= The Cougar Song =

Fight song of Brigham Young University

"The Cougar Song," often colloquially referred to as "The Cougar Fight Song," "The BYU Fight Song," or "Rise and Shout, The Cougars Are Out," is the school fight song of Brigham Young University. It is often played at BYU sporting events, especially at BYU football games. On these occasions it is traditional for the fans to remain seated, singing along with the verse, then stand for the chorus and chant—giving literal meaning to the phrase "rise and shout."

==History==
The song was composed by Clyde D. Sandgren, a 1932 BYU graduate. Clyde later served at BYU as general counsel, a vice president, and for four years as the Alumni Association president. He died in 1989 and left ownership of the song to his son, Clyde D. Sandgren, Jr. (Dee). Only Dee and BYU have the rights to the song.

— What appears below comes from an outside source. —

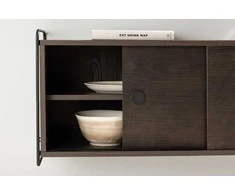 Venture Design Sieninis spintelis, Paryžius, 121x35x48 cm, Tamsiai rudas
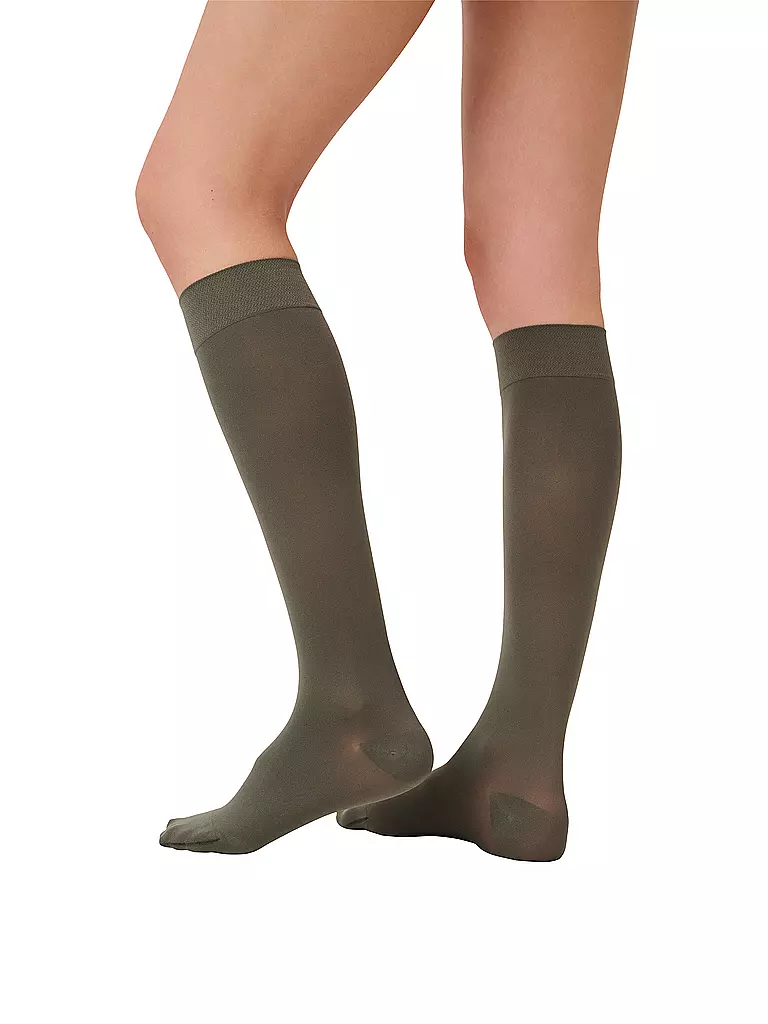 ITEM M6 | Kniestrümpfe CONSCIOUS 50 DEN | olive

In 1947, Clyde Sandgren registered The Cougar Song with the U.S. Copyright Office, and renewed the work's copyright registration in 1975. The song was dedicated by its composer especially "To all BYU students who so valiantly served their country in World War II."

The Cougar Song is not the only college song BYU has had in its history. In 1899 Annie Pike Greenwood wrote "The College Song," which for many years stood as the school's main song until The Cougar Song was written. Even afterwards, the song was still sung at alumni and other functions.

The lyrics, as sung at BYU events, were altered from the original version sometime in the 1990s due to pressure from women's groups on BYU campus. The lyric "stalwart men and true" was changed to "Loyal, strong, and true."